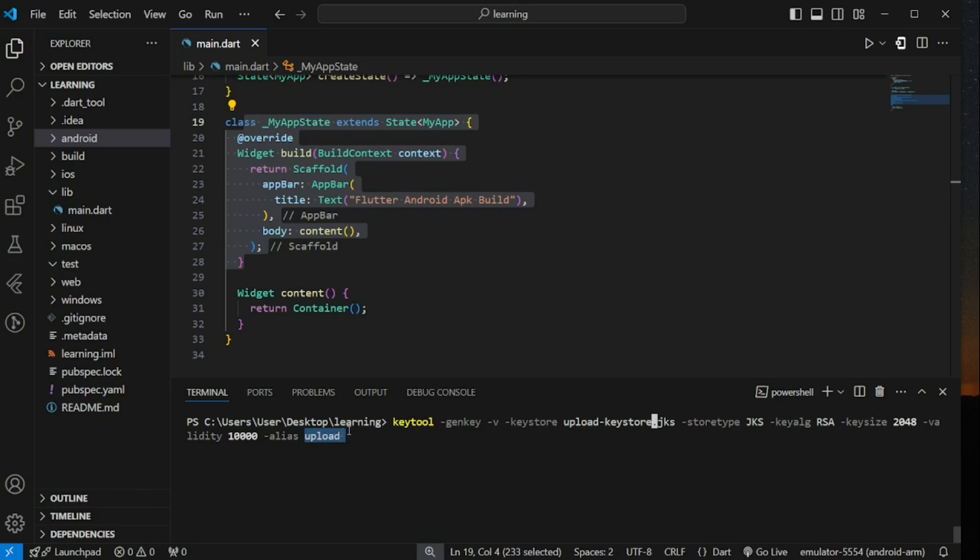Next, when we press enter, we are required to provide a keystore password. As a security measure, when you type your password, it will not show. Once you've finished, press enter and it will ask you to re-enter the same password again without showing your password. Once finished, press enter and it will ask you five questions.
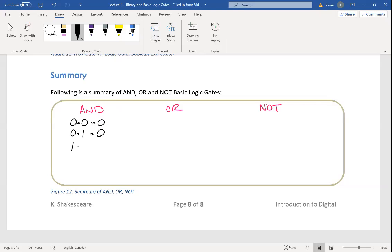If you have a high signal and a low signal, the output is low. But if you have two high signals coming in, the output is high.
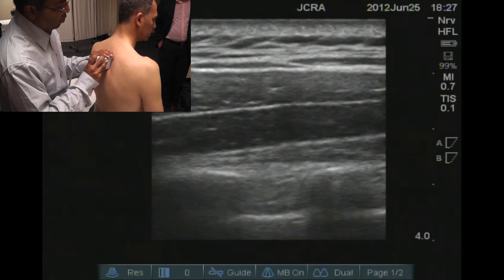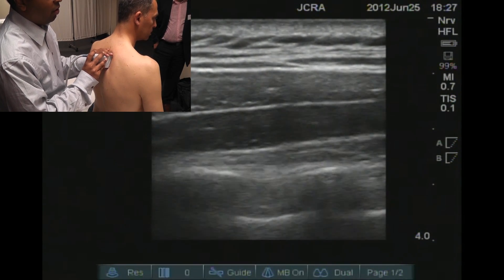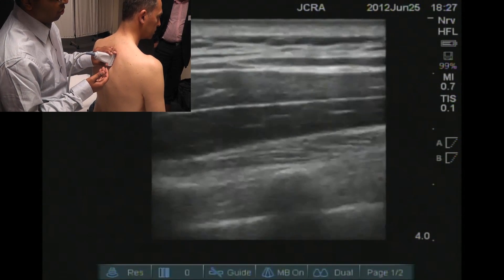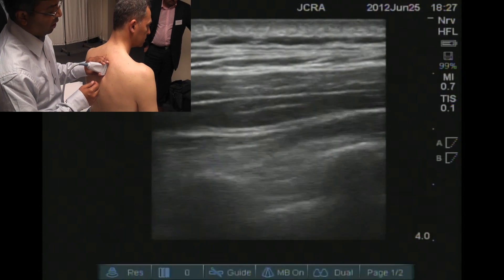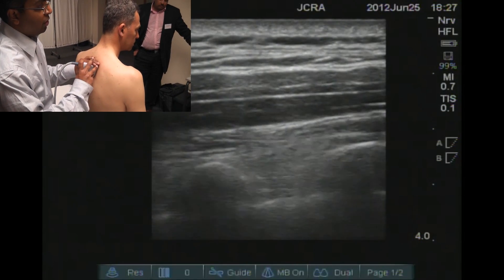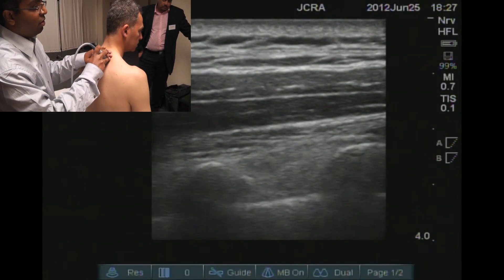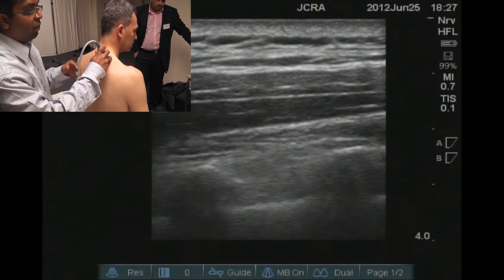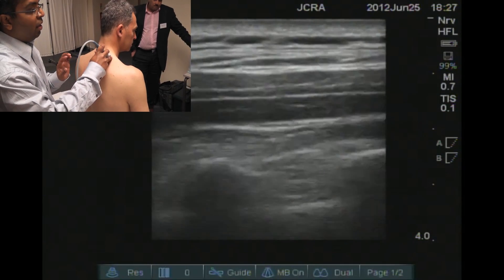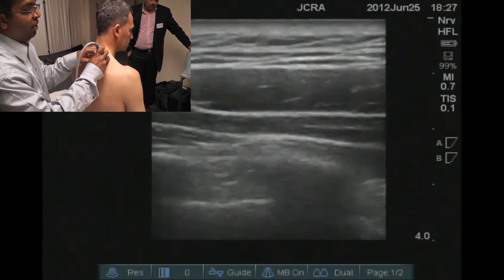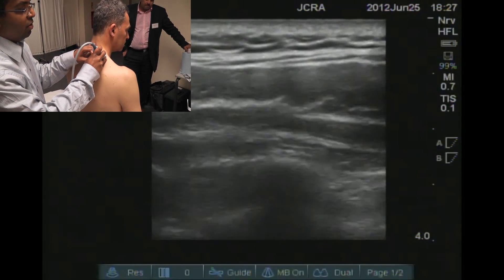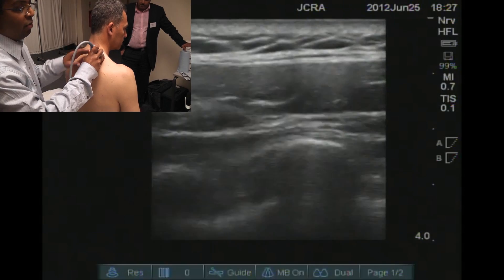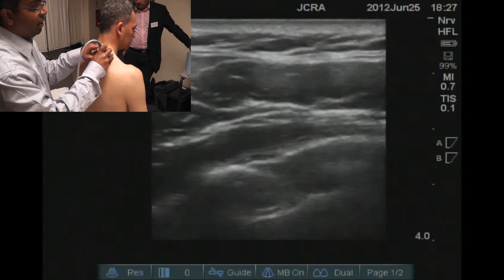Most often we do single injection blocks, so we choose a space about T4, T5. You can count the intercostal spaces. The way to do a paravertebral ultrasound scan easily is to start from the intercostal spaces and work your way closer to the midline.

== == ==

■ **WHAT THE EXERCISE ASKS**: Except for the pictures, please retype the listing above exactly.

■ **YOUR RESPONSE**:
Next, when we press enter, we are required to provide a keystore password. As a security measure, when you type your password, it will not show. Once you've finished, press enter and it will ask you to re-enter the same password again without showing your password. Once finished, press enter and it will ask you five questions.
If you have a high signal and a low signal, the output is low. But if you have two high signals coming in, the output is high.
Most often we do single injection blocks, so we choose a space about T4, T5. You can count the intercostal spaces. The way to do a paravertebral ultrasound scan easily is to start from the intercostal spaces and work your way closer to the midline.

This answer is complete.